PROBLEM STATEMENT
Nothing but the lines from the one containing "Champions of Norrath" through the last line of the data below should be returned, each exactly as it stands, pictures excluded.

Caption-style text data:
------------------------------------------------------------
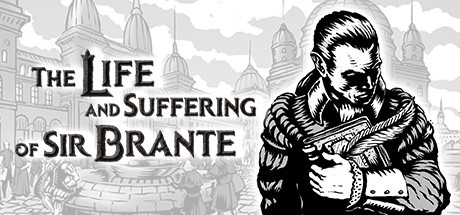 Capa: The Life and Suffering of Sir Brante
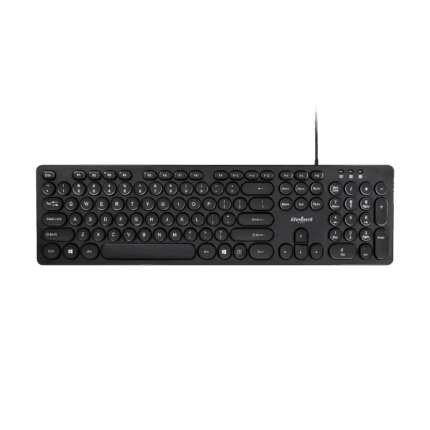 Дротова клавіатура WDK100 Rebel KOM1029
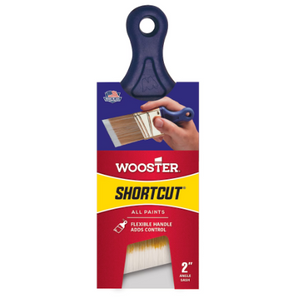 Wooster Shortcut 2” Angled Brush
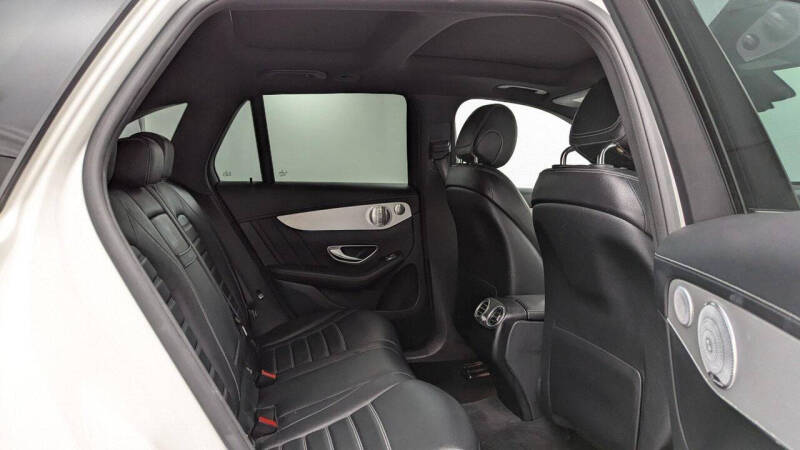 2017 Mercedes-Benz GLC AMG GLC 43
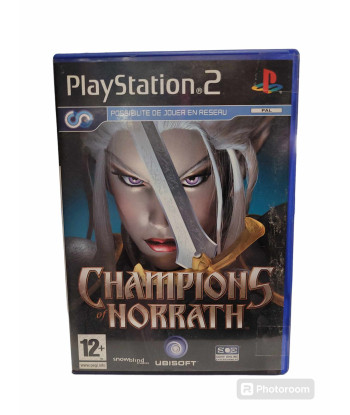 Champions of Norrath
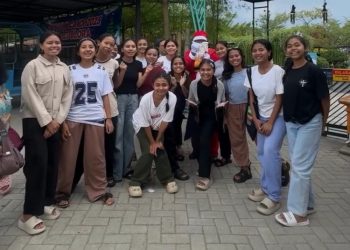 Libur Nataru 2025/2026 membawa lonjakan pengunjung ke Wisata Noyo Gimbal Blora dengan rata-rata 1.000 wisatawan per hari, didukung cuaca cerah dan tiket terjangkau.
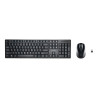 Conjunto De Ratn Y Teclado Inalmbricos De Perfil Bajo Pro | APLIUM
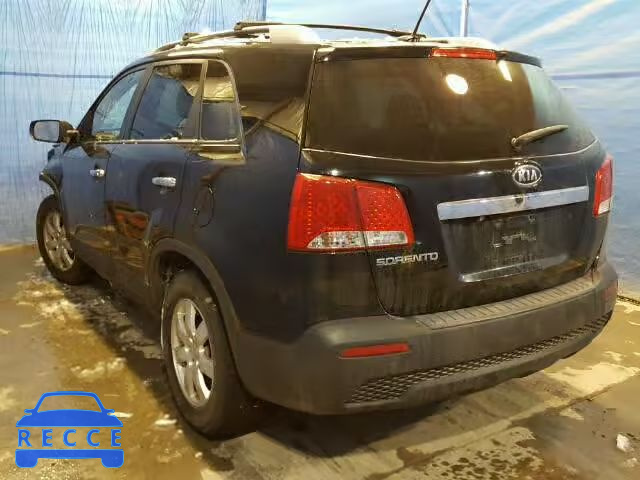 2011 KIA SORENTO BA 5XYKTCA16BG180865 image 2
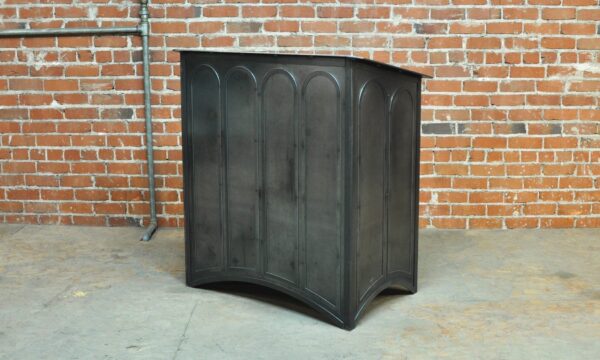 Luxury Industrial 42 Hostess Stand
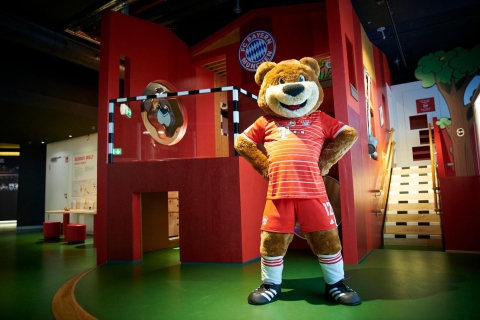 München: FC Bayern-museum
------------------------------------------------------------
RESULT BELOW
 Champions of Norrath
 Libur Nataru 2025/2026 membawa lonjakan pengunjung ke Wisata Noyo Gimbal Blora dengan rata-rata 1.000 wisatawan per hari, didukung cuaca cerah dan tiket terjangkau.
 Conjunto De Ratn Y Teclado Inalmbricos De Perfil Bajo Pro | APLIUM
 2011 KIA SORENTO BA 5XYKTCA16BG180865 image 2
 Luxury Industrial 42 Hostess Stand
 München: FC Bayern-museum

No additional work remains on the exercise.